Positioning encoding is applied to 5D input in order to represent high-frequency variation in color and geometry. 
The authors designed separate MLPs to predict density and emitted color. The first MLP predicts the volume density as a function of only the location x, while allowing the RGB color c to be predicted as a function of both location and viewing direction. Now we pack all these functions into NerfModel class

In [None]:
class NerfModel(nn.Module):
    def __init__(self, embedding_dim_pos=10, embedding_dim_direction=4, hidden_dim=128):   
        super(NerfModel, self).__init__()
        
        self.block1 = nn.Sequential(nn.Linear(embedding_dim_pos * 6 + 3, hidden_dim), nn.ReLU(),
                                    nn.Linear(hidden_dim, hidden_dim), nn.ReLU(),
                                    nn.Linear(hidden_dim, hidden_dim), nn.ReLU(),
                                    nn.Linear(hidden_dim, hidden_dim), nn.ReLU(), )
        # density estimation
        self.block2 = nn.Sequential(nn.Linear(embedding_dim_pos * 6 + hidden_dim + 3, hidden_dim), nn.ReLU(),
                                    nn.Linear(hidden_dim, hidden_dim), nn.ReLU(),
                                    nn.Linear(hidden_dim, hidden_dim), nn.ReLU(),
                                    nn.Linear(hidden_dim, hidden_dim + 1), )
        # color estimation
        self.block3 = nn.Sequential(nn.Linear(embedding_dim_direction * 6 + hidden_dim + 3, hidden_dim // 2), nn.ReLU(), )
        self.block4 = nn.Sequential(nn.Linear(hidden_dim // 2, 3), nn.Sigmoid(), )

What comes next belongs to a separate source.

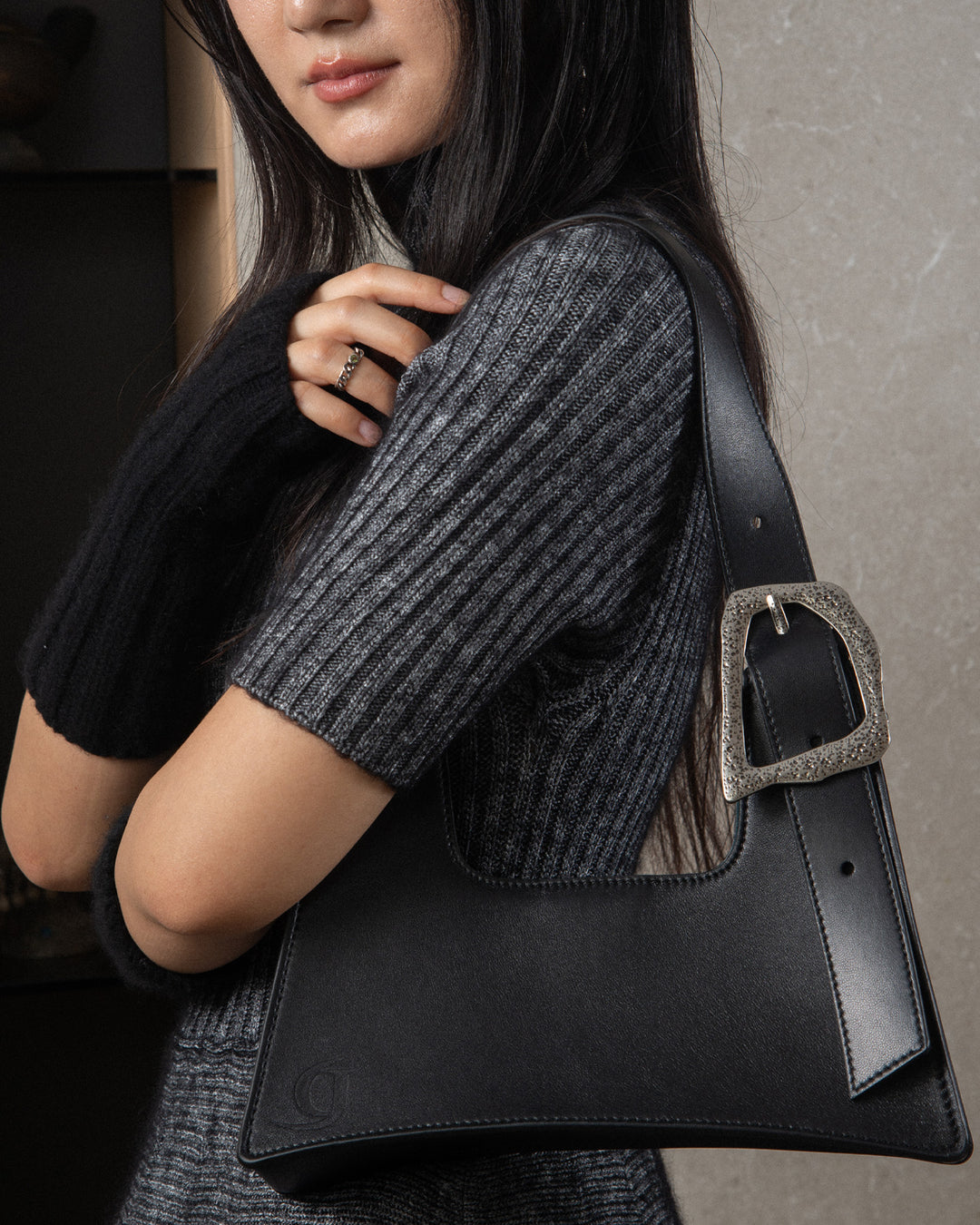 The woman wearing the luxurious bag with the silver buckle on her shoulder, showcasing the bag's elegant design and how it looks when carried.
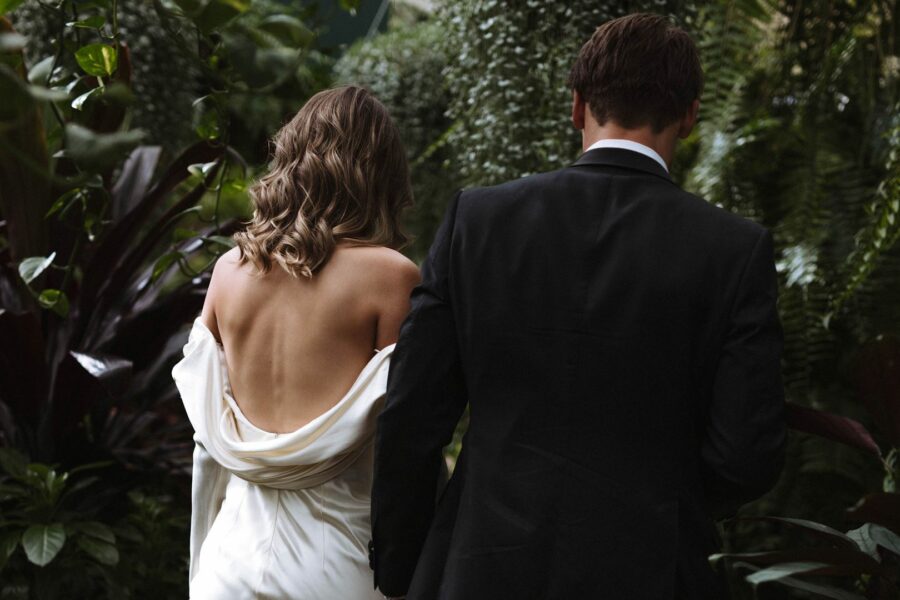 Bride and groom with leaves and trees from behind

        self.embedding_dim_pos = embedding_dim_pos
        self.embedding_dim_direction = embedding_dim_direction
        self.relu = nn.ReLU()

    @staticmethod
    def positional_encoding(x, L):
        out = [x]
        for j in range(L):
            out.append(torch.sin(2 ** j * x))
            out.append(torch.cos(2 ** j * x))
        return torch.cat(out, dim=1)

    def forward(self, o, d):
        emb_x = self.positional_encoding(o, self.embedding_dim_pos) # emb_x: [batch_size, embedding_dim_pos * 6]
        emb_d = self.positional_encoding(d, self.embedding_dim_direction) # emb_d: [batch_size, embedding_dim_direction * 6]
        h = self.block1(emb_x) # h: [batch_size, hidden_dim]
        tmp = self.block2(torch.cat((h, emb_x), dim=1)) # tmp: [batch_size, hidden_dim + 1]
        h, sigma = tmp[:, :-1], self.relu(tmp[:, -1]) # h: [batch_size, hidden_dim], sigma: [batch_size]
        h = self.block3(torch.cat((h, emb_d), dim=1)) # h: [batch_size, hidden_dim // 2]
        c = self.block4(h) # c: [batch_size, 3]
        return c, sigma

In [None]:
# TODO Training Loop

### Test your model 

To understand the use of NeRF in rendering scene, here we load a trained NeRF model and run the test images for demonstration. You can not run this part if you don't have a save model named "nerf_model.pth"

In [None]:

#load model to estimate density and color at 3D spatial position
model = NerfModel(hidden_dim=256).to(device)
model.load_state_dict(torch.load('../models/nerf_model.pth'))
model.eval()
model.to(device)

hn,hf=2,6
chunk_size=20
for img_index in range(2):
    ray_origins = testing_dataset[img_index * H * W: (img_index + 1) * H * W, :3]
    ray_directions = testing_dataset[img_index * H * W: (img_index + 1) * H * W, 3:6]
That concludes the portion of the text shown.